The house is a mix of East and West- the bedroom doors and such slide, but the front door is Western style. The kitchen and dining area is also Western, but the dining area can easily become Japanese style. For breakfast I had oranges, egg, bread and salad. For whatever reason, it was really good.
Hiromi-san and I met up with Mark and Dongi's host mother (who's name I currently forget) while Touru-San when fishing. We later found out he caught 3 fish.
Together, we all went to this really cool submarine museum. It was a lot of stuff about detonating mines and such. I didn't understand most of it, but there were many interesting artifacts. We then got to go into a real submarine. I was surprised about how small it was- for some reason I thought it was going to be bnigger. The submarine itself was quite large, but most of the space was not for people to tour around.
Over the course of the day, we kept meeting up with Flick and Theresa. Apparently their host family is very traditional and the mother wears kimono all the time. I think that is pretty cool!
We then went to this cultural festival thing, which was basically for Kure City to show off how multicultural they were. The main thing was to go to each country booth (Brazil, China, Korea, Japan, the library, Austraila) and get the stamp for that country. After that, one could collect a prize. At the Japanese room (instead of a booth) there was calligraphy. Hiromi-San wrote my Japanese name very prettily for me. I wrote a couple of words very messily, and am glad I have something nice looking to take back with me.
There was also a tea ceremony, granted an abbreviated on. We sat down and were served sweets (which I later realised had red bean in it, though nothing has happened to me yet so I think I'm not allergic to it) that were very tasty. Then the tea was brought out.
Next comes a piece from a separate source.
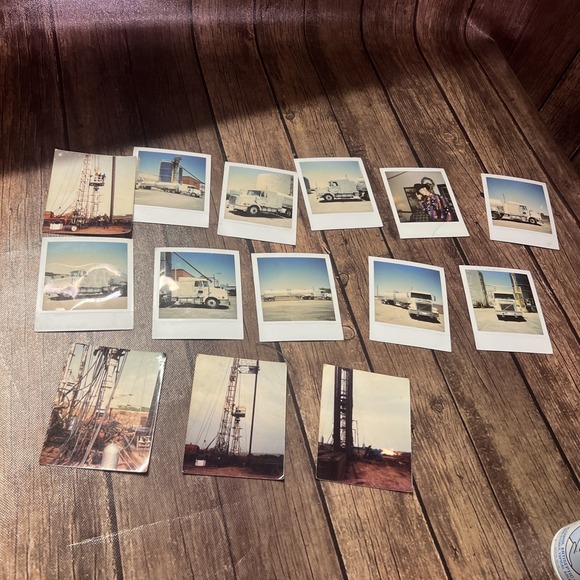 Other - 15 Old Vintage Pictures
It was bitter but very good, I liked it a lot. Then again, I liked the Vegemite given out at the Australia booth. Anyways, everything was carefully choreographed and generally very formal. It was peaceful and time sort of stopped. Apparently it took 30 mins, but it felt like 5.
At the Culture Festival there was also a fashion show for the various countries. Japan was obviously well-represented. No one clapped for Korea even though two really cute little kids walked out. The Chinese outfit made me cringe (not traditional) and the horrible American cowboys with their annoying country music was so funny I almost died laughing. I hate to think what Japanese people must think of 'Americans' with huge cowboy hats and banjos.
Dongi and Mark ended up going shopping after that, while I looked around the shopping centre. Their host mother ended up buying me some cookies, which makes me feel kind of bad because I can't figure out a way to repay her other than bowing and saying thank you.
Now back at Hiromi-san's house, waiting to go to the other host home. Apparently she's kicking me out for an hour so she can cook, and then inviting everyone back for dinner. This is going to be really 'oiishi' or whatever it is in Romaji. Just gave Hiromi-San the present, she liked it a lot. Not certain if this is her first time hosting (I may just be the first one from Singapore), but she still put the Merlion by her window. She also gave me a hug, which is pretty unusual in Japan. They are bowing-type people, not hugging type. So that was surprising, but nicel
I've been trying to use/learn Japanese whenever I can during this home stay. It's not easy and I feel like I make a lot of mistakes, but it's the attempt that counts.
Also, sorry if this is really badly written. I normally check over my blog posts, but since I'm on my iPad typing with very cold fingers (Japanese houses have no central heating or anything, it's all space heaters and blankets) I cannot check what I wrote. Oh well.
Will try to post tomorrow.
It's weird, I feel like I've been in Japan for a while.